El pescado azul o graso es el pescado que tiene una elevada proporción de grasa en su carne. Contiene 5g de grasa por 100g de pescado.

Son pescados azules: sardina, salmón, bonito del norte o atún blanco, boquerón, caballa, verdel o estornino, palometa o japuta, jurel, lubina y besugo (estos dos últimos son los que tienen el contenido más bajo en grasa del grupo).

La cantidad de grasa del pescado varía en función del tamaño, de la época del año en que ha sido capturado (antes o después del desove) y de las temperaturas de las aguas, por eso hay diferencias en las tablas de composición de alimentos en cuanto al contenido de grasa de diversos pescados pudiendo ser en ocasiones considerados como pescados blancos o azules.

Propiedades nutritivas del pescado azul:

El pescado azul es una buena fuente de proteínas (similar a la carne y al huevo), grasas insaturadas (oleico, linoleico y omega 3), minerales (yodo, hierro -algo menos que en la carne-, fósforo, magnesio y calcio -en las especies que se toman con espina-) y vitaminas A, D y B12.

¿Porqué son beneficiosas las grasas del pescado azul para nuestro organismo?

El pescado azul es rico en grasas insaturadas; entre ellas cabe destacar los ácidos grasos omega 3 (W3), con efectos saludables como:

  • reducir los niveles de triglicéridos en sangre,
  • disminuir la presión arterial,
  • disminuir el riesgo de trombosis,
  • aumentar la vasodilatación arterial.

Es decir, en el contexto de una dieta equilibrada, las grasas insaturadas contribuyen a disminuir el riesgo de enfermedades cardiovasculares.

¿Qué relación hay entre el pescado azul y las enfermedades cardiovasculares? ¿Y con el colesterol?

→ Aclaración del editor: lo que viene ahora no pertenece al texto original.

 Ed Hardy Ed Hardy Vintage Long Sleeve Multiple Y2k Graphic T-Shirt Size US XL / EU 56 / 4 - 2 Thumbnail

Los científicos llevan ya muchos años investigando las propiedades beneficiosas para el ser humano de los ácidos grasos omega 3, al descubrir que los esquimales y los japoneses, con un consumo muy elevado de pescado azul, tienen la tasa más baja de mortalidad por enfermedades cardiovasculares.

¿Para qué personas es especialmente recomendable?

Para quien quiera llevar una alimentación sana, variada y equilibrada.

  • Para quienes tienen riesgo de padecer o padecen una enfermedad cardiovascular, ya que los ácidos grasos tipo omega 3 manifiestan un efecto protector, puesto que disminuyen la viscosidad de la sangre, reduciendo así el riesgo de formación de trombos.
  • También es especialmente recomendable para los deportistas, las personas mayores y las mujeres embarazadas.

 

¿Cómo hay que cocinarlo para que no pierda sus propiedades nutritivas?

Las diversas formas de cocinado no afectan a los ácidos grasos omega 3.

Pero sí influyen en la digestión: a la plancha, a la papillote, al horno o hervido se digiere más rápidamente que en el caso de prepararlo frito o con salsa.